Berlin panel report: Cultural Sovereignty and the new frontier of streaming regulation.

At a high-level panel during the European Film Market (EFM) in Berlin on Sunday, February 15th, the European Producers Club (EPC) gathered experts to discuss a pivotal moment in global media policy: "Streamers’ Regulation and Financial Obligations. The consensus was clear - these financial obligations are no longer just economic measures; they are essential tools to protect cultural sovereignty and independence in the face of global streaming dominance.

By mandating that global platforms reinvest in local stories, nations are asserting that their cultural identities are not merely commodities, but public goods that require protection to ensure a diverse ecosystem.

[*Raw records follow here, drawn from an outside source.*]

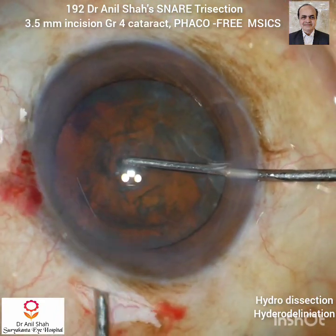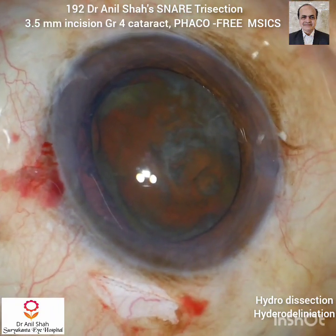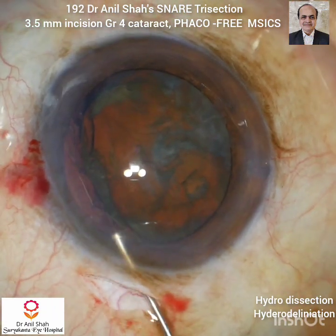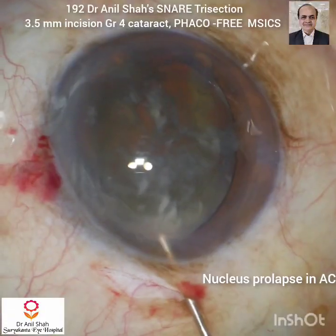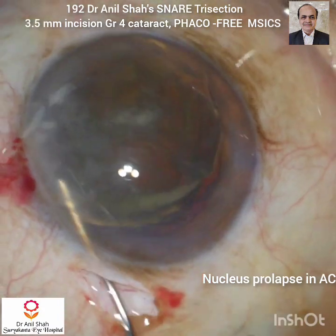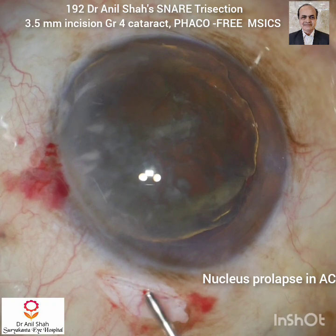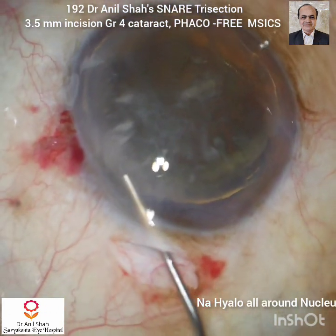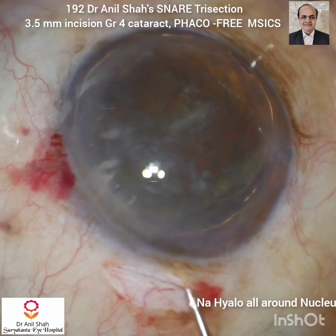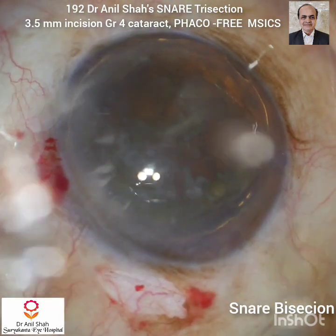Now with the Sinskey hook the nucleus pole is lifted so that one pole comes above the capsular rim. Now with sodium hyaluronate and the cannula I take the nucleus out into the anterior chamber and rotate it. I push sodium hyaluronate into the angle so the iris goes behind, then onto the anterior surface of the lens and also into the angle so that the nucleus should be free floating.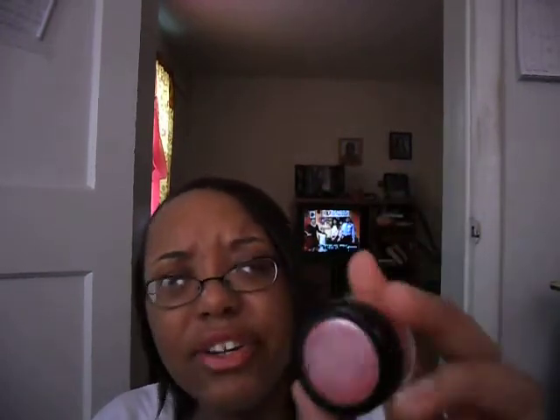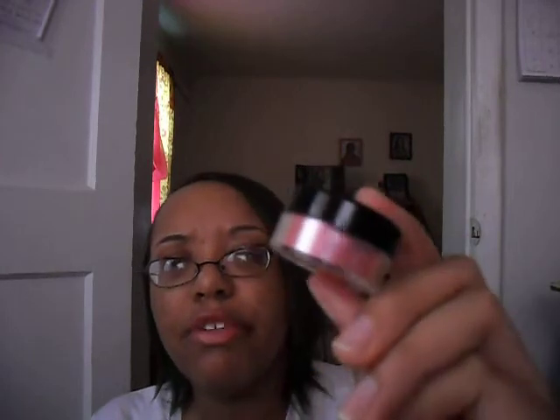The next thing I got was a sifter jar. I think it's 10 grams. It came in three pieces in a little baggie — the jar, the lid, and the sifter which is inside. I got this because I wanted to put my Pearl Mania Shadow from NYX in it.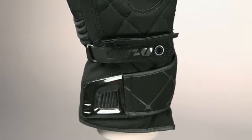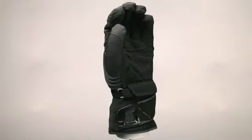Keeping the glove securely fit is a micro velcro wrist and cuff closure. Size range: extra small to extra large.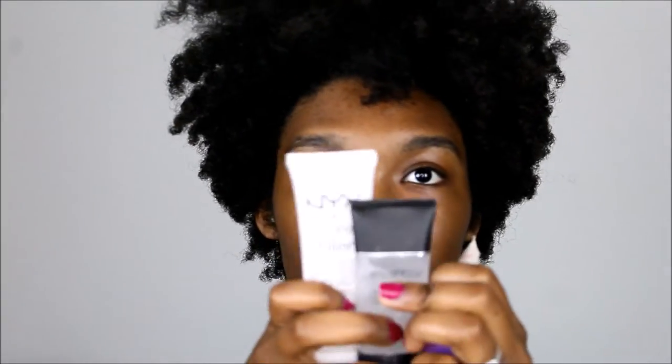The first thing I like to do is freshen my face. So I'm just going in with the e.l.f. makeup mist and set. This is one of my favorites — it's only $3 and it's freaking amazing. My face is already moisturized so I'm going to go straight into priming my face, and I like to mix all three together.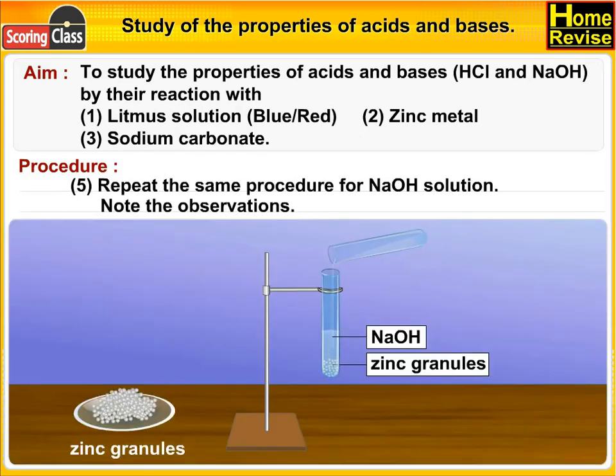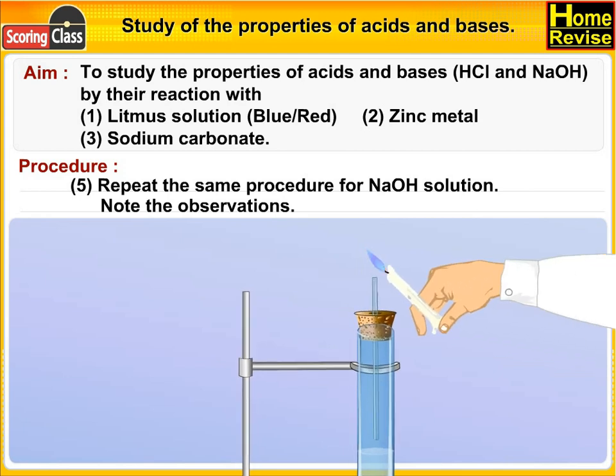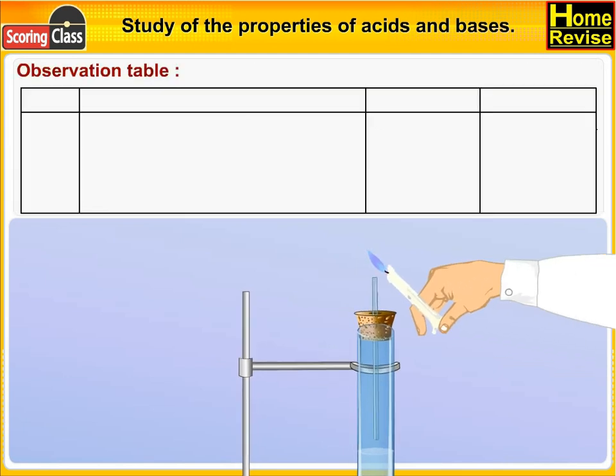Now repeat the same procedure for NaOH solution and note the observations.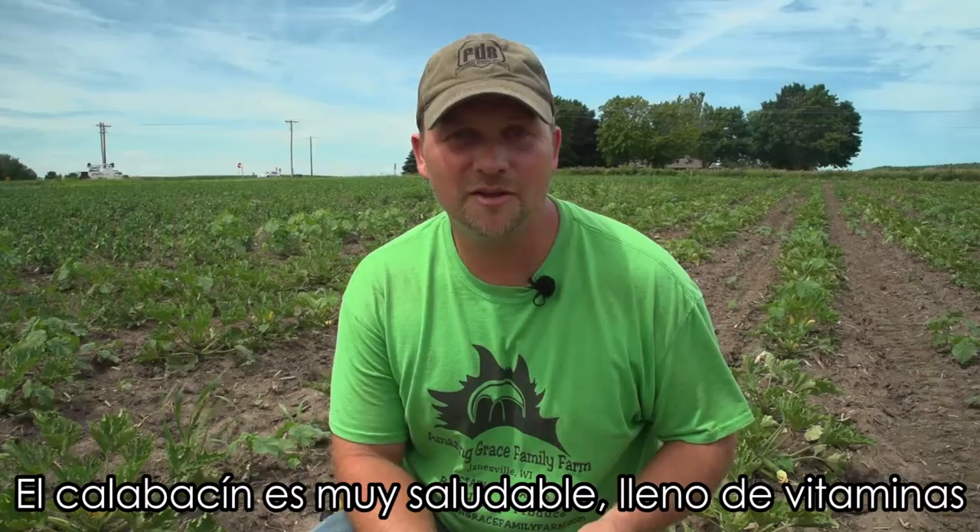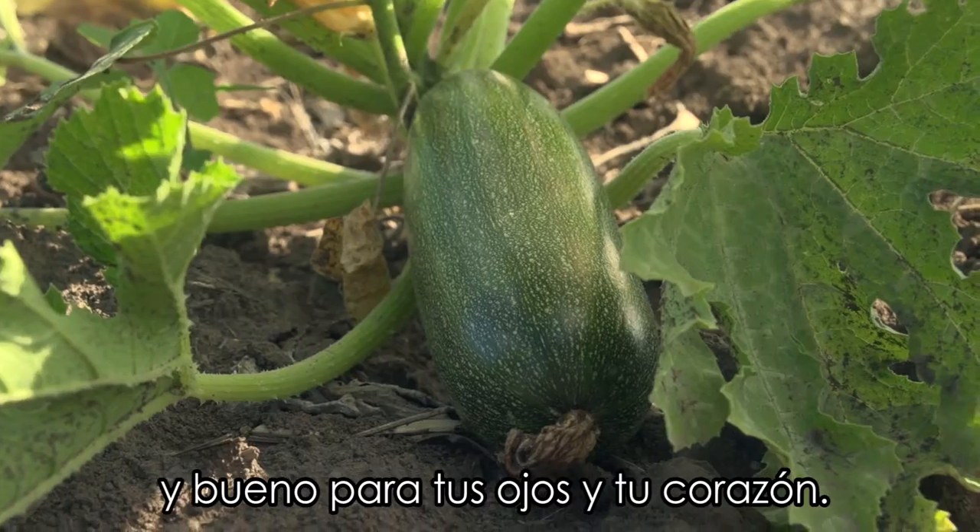Zucchini are very heart healthy and full of vitamins, good for your eyes and your heart.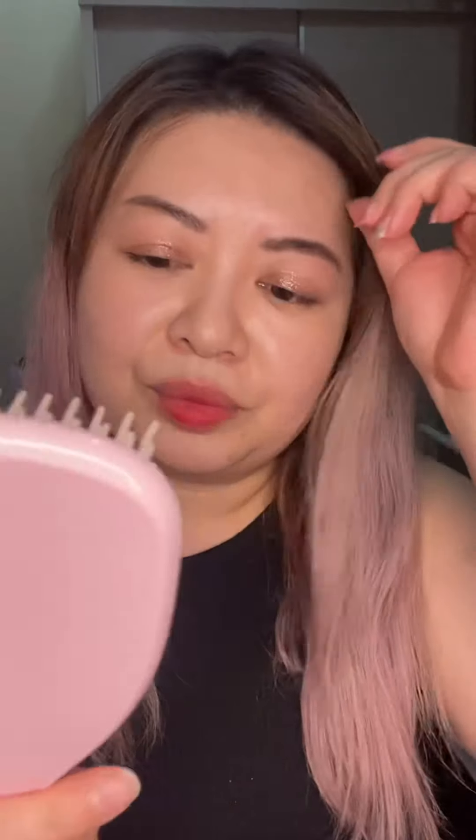During the treatment or mask application, I brush my hair with a Tangle Teezer to smooth it out and prevent tangles before I come out of the shower. The tip my hairstylist taught me: start brushing from the tips and ends to detangle them first, then work your way up from the top. If you start from the roots, the tangles get stuck and you might break your hair. Start from the bottom, then go higher and higher.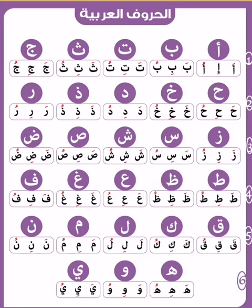Qaf: Qa, Qi, Qu. Kaf: Ka, Ki, Ku. Lam: La, Li, Lu. Mim: Ma, Mi, Mu. Nun: Na, Ni, Nu.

The Nordic Front: Progress and Setbacks

The Nordic region continues to be a central battleground for these regulations, with significant updates shared during the panel:

  • Denmark Leading the Way: Denmark has moved past the discussion phase, with its cultural levy fully operational as of January 1, 2025. Streamers must pay a basic 2% levy on their Danish turnover. However, if a service fails to invest at least 5% in local content, the levy increases to a total of 5%. This scheme is expected to generate approximately 100 million DKK annually (13.5 M EUR), with 80% specifically earmarked for Danish films.
  • Norway’s 4% Mandate: Norway has also moved into a new phase after the Storting (Parliament) adopted amendments to the Broadcasting Act in February 2025. The new law imposes streamers to invest at least 4% of their annual revenue in Norwegian-language audiovisual works. If they don't meet this requirement, they will need to contribute to the Norwegian Film Fund, with contributions potentially reaching up to 5% of their revenue. As of February 2026, the government is finalising detailed implementing rules regarding reporting and enforcement.
  • Iceland’s Last-Minute Twist: Iceland’s journey toward a 5% contribution model - intended to protect the Icelandic language and provide "top-up" funding for TV series - hit a sudden hurdle. Just days before the Berlin panel, the Icelandic government pulled the bill for further amendments. While the industry remains hopeful this is a technical tweak, the delay highlights the intense pressure surrounding these legislative processes.

The German Benchmark: A New Entry Level

The panel highlighted Germany’s recent political agreement as a vital benchmark for other nations. Germany has established an 8% direct investment obligation, with strict sub-quotas: 70% must go to independent producers, and 80% must be in the German language.

Crucially, the German model also includes a "theatrical factor”, where investments in cinema films count as 1.5% toward the obligation, incentivising streamers to support the big screen.

Red Lines: Key Negotiation Points

The EPC and panel speakers outlined some non-negotiable points to ensure these regulations effectively support local ecosystems, including:

  1. Rights Retention: This is the "heart of the battle". Following the French and German examples, producers must retain intellectual property (IP) rights. In Germany, rights will revert to producers after 3 to 7 years, depending on the level of independent financing.
  2. Supporting cultural audiovisual creation: Revenues must be directed toward independent cinema, documentaries, TV series, and animation. Stakeholders emphasised that "cultural production" must exclude sports, reality TV, cooking shows, and light entertainment, which do not contribute to long-term cultural heritage.
  3. Window Structure (Media Chronology): Regulations must be tied to a stable media chronology. In France, for example, the level of investment is linked to how soon a streamer can show a film after its theatrical release. Protecting these windows is vital to the entire film financing system.

As the panel concluded, these regulations represent a "revolution" in protecting freedom of expression and the sustainability of medium-sized creative enterprises across Europe and beyond.